*** GIVEN DATA ***

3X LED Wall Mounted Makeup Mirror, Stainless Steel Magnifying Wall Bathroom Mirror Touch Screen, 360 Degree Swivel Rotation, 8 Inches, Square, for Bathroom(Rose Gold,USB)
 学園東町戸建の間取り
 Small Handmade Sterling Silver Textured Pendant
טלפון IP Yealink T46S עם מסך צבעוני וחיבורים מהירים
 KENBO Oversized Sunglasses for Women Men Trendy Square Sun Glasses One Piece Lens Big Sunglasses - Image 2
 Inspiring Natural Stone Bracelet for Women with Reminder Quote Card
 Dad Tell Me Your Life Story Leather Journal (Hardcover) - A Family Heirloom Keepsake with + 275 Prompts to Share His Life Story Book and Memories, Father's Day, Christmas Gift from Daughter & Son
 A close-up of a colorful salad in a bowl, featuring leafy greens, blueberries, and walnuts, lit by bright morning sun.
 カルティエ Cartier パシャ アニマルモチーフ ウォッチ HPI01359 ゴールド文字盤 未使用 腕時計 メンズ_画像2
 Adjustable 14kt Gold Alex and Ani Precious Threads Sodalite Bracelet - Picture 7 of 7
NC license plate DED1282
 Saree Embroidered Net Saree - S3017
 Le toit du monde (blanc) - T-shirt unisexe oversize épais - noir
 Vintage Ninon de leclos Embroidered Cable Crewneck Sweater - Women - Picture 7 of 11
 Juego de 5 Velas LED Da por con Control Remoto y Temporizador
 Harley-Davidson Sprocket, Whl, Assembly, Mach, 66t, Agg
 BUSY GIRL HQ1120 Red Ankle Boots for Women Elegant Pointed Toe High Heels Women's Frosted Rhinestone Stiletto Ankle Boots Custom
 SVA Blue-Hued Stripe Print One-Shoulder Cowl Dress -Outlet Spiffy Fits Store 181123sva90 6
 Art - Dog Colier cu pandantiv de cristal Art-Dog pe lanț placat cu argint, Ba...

***

A bare number is the whole answer: state how many lines in the data above contain "Embroidered".

2